Six major goals guided the development of Investigations. The curriculum is designed to:
- Support students to make sense of mathematics and learn that they can be mathematical thinkers
- Focus on computational fluency with whole numbers as a major goal of the elementary grades
- Provide substantive work in important areas of mathematics—rational numbers, geometry, measurement, data, and early algebra—and connections among them
- Emphasize reasoning about mathematical ideas
- Communicate mathematics content and pedagogy to teachers
- Engage the range of learners in understanding mathematics.
Underlying these goals are three guiding principles that are our touchstones as we approach both students and teachers as agents of their own learning:
- Students have mathematical ideas.

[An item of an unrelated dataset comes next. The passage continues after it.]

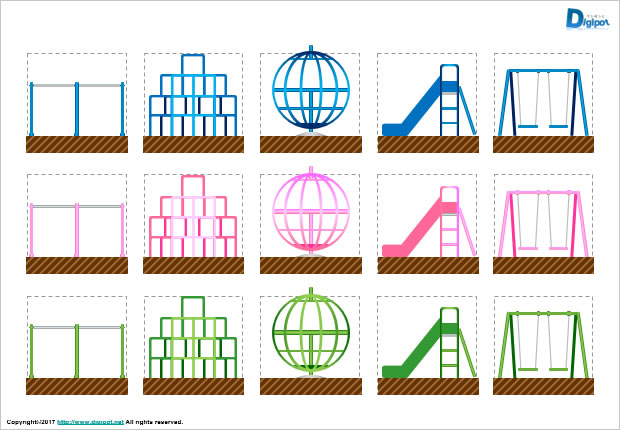 公園の遊具のイラスト画像2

The curriculum must support all students in developing and expanding those ideas.
- Teachers are engaged in ongoing learning about mathematics content and about how students learn mathematics. The curriculum must support teachers in this learning.
- Teachers collaborate with the students and curriculum materials to create the curriculum as enacted in the classroom. The curriculum must support teachers in implementing the curriculum in a way that accommodates the needs of their particular students.
Based on extensive classroom testing, Investigations takes seriously the time students need to develop a strong conceptual foundation and skills based on that foundation. Therefore, each curriculum unit focuses on an area of content, in depth, providing 2 to 5 1⁄2 weeks for students to develop and practice ideas across a variety of activities and contexts that build on each other. The units also address the learning needs of real students in a wide range of classrooms and communities. The investigations are carefully designed to invite all students into mathematics—girls and boys; members of diverse cultural, ethnic, and language groups; and students with a wide variety of strengths, needs, and interests.
*Investigations was developed with support from the National Science Foundation under Grant No. ESI-0095450. Any opinions, findings, and conclusions or recommendations expressed in this material are those of the author(s) and do not necessarily reflect the views of the National Science Foundation.